Ahí estaba y me recibió sin preguntarse nada, Me recibió sin prejuicios, logro sedarme rapidamente.

Libertad era su nombre y se deslumbraba de belleza ante mis ojos. No me dejó ir de su lado.

Ahora estoy un poco ciego y rengo. Mi ladrido ya no asusta. Pero nunca voy a arrepentirme del día que la conocí a ella, me dio algo que nadie me podía dar.
Me devolvió a mí.

Pestañeo ilusorio



Conozco a alguien que me atrae. La conozco un poco más. Me encanta, me da vida. Llena mis fuerzas y mis deseos. Armo historias y cuentos en mi cabeza con ella. Me siento bien. No necesito mucho más. Se que puede ser algo fantástico para mi vida. Estaríamos unidos de la mejor forma. Jugaríamos juntos despreciando el tiempo. Nos amaríamos como pocas personas en el mundo. Lo llevo al mayor éxtasis posible.
Cierro los ojos y la veo a ella y su fidelidad. Con esa sonrisa sincera que me derrite. Sus ojos como perfecto reflejo de una hermosa alma. Mi mente dibuja una imagen surreal de ella misma. Perfecta.
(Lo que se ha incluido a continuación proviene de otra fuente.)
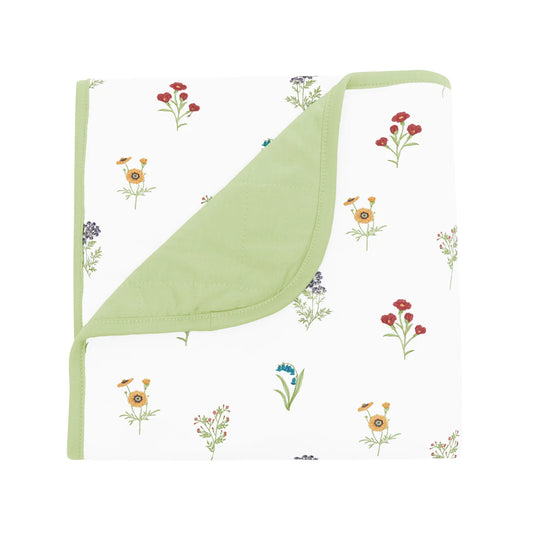 Baby Blanket in Wildflower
Me mantengo expectante, prefiero no verte todavía. Te quiero desear más. Siempre lo que llegó fácilmente se fue rápidamente. Quiero anhelarte al máximo.
Que mi deseo toque tu puerta en alguna noche de primavera. Entre en tu sueño. Y se relaje en un ideal que formara parte de nuestro gran descansar.

En este momento, estoy en la etapa cumbre de esperanza. Buena energía de vida. Donde todo parece estar perfecto. Despertando la armonía entre mis seres queridos. Por imprevisión, siento que a ti te pasa lo mismo. Deseas el momento de tocarme también. Me esperas en tus dulces sueños. Me necesitas más que nada y nadie. Vives esperando nuestro momento con una leve sonrisa.

Abro mis ojos y todo se desvanece, aquellos sueños son pura fantasía de mi pobre corazón. Nuevamente asfixiado se desvanece. No era todo como yo pensaba. Mi mente tomó el control de mi corazón y lo partió en mil pedazos. Me debilitó. La imágen que fundé fue tan irreal y perfecta que no pude satisfacerla. Fue pura ilusión. Desbarranco en un mar de soledades.
Yo conmigo mismo. Un poco enojado el uno con el otro, ya no nos llevamos tan bien como antes. Algunas preguntas de más y saber si el corazón podrá aguantar muchas más de estos desamores.